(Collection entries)
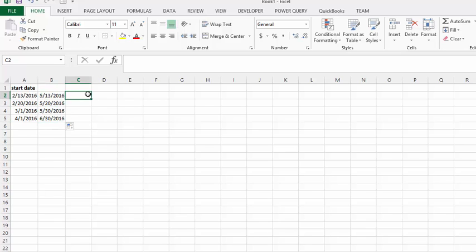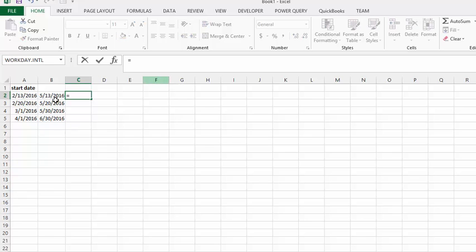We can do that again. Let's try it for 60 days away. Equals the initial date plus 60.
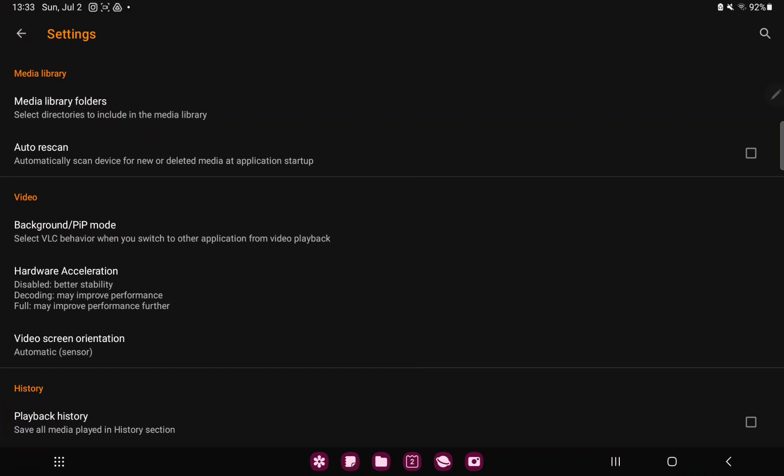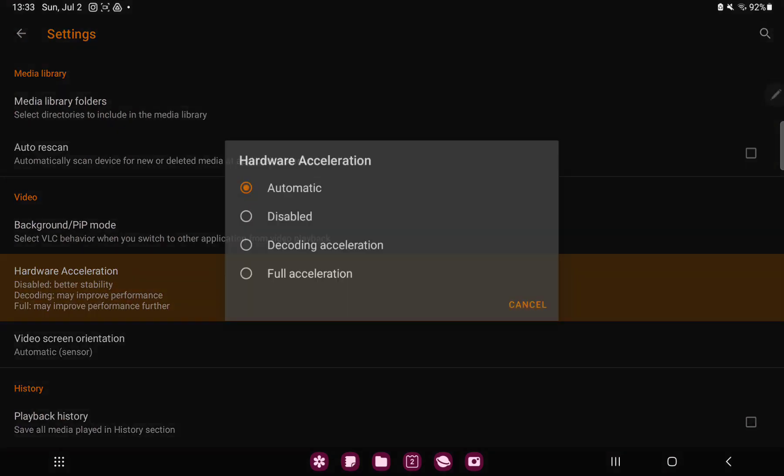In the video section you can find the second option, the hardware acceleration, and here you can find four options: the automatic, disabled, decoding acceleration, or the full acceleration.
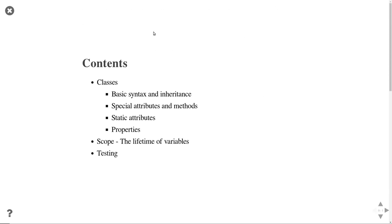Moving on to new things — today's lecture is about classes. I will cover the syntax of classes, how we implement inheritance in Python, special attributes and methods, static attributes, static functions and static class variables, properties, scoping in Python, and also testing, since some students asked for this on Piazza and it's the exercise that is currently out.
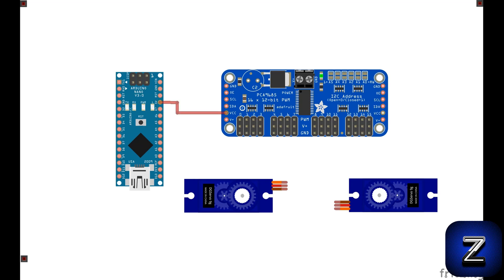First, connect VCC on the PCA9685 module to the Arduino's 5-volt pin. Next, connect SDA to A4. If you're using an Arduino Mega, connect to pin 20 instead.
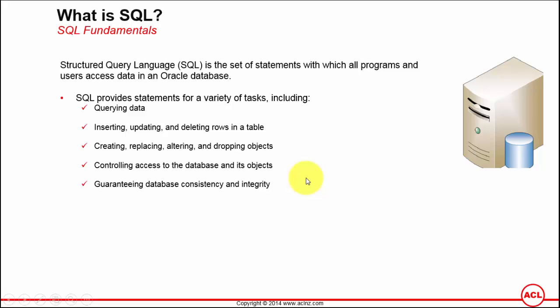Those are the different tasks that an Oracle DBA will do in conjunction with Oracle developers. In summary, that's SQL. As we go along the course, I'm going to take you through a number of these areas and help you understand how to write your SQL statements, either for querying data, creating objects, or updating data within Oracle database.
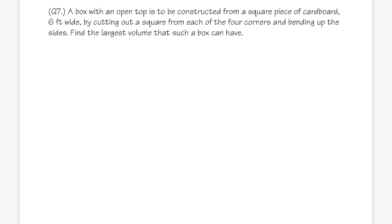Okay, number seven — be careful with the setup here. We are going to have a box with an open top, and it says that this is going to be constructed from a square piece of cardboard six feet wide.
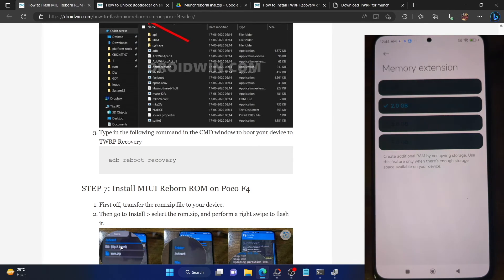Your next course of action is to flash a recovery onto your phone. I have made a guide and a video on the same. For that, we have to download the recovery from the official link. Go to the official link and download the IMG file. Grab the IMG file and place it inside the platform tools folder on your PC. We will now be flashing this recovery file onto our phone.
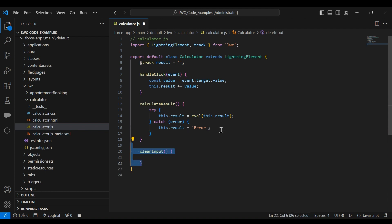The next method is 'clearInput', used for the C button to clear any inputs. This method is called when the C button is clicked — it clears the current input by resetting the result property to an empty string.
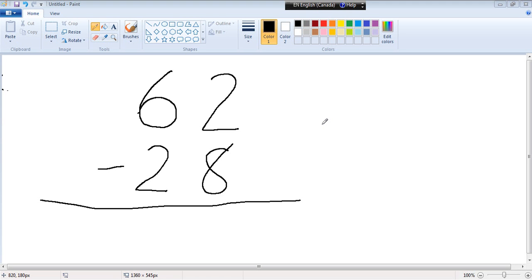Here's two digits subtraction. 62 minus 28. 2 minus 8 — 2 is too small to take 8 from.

■ Exercise description
Word for word, retype the lines from the one with "Your next course" through the final line of the data, both included. No pictures belong in the copy.

■ Output
Your next course of action is to flash a recovery onto your phone. I have made a guide and a video on the same. For that, we have to download the recovery from the official link. Go to the official link and download the IMG file. Grab the IMG file and place it inside the platform tools folder on your PC. We will now be flashing this recovery file onto our phone.
The next method is 'clearInput', used for the C button to clear any inputs. This method is called when the C button is clicked — it clears the current input by resetting the result property to an empty string.
Here's two digits subtraction. 62 minus 28. 2 minus 8 — 2 is too small to take 8 from.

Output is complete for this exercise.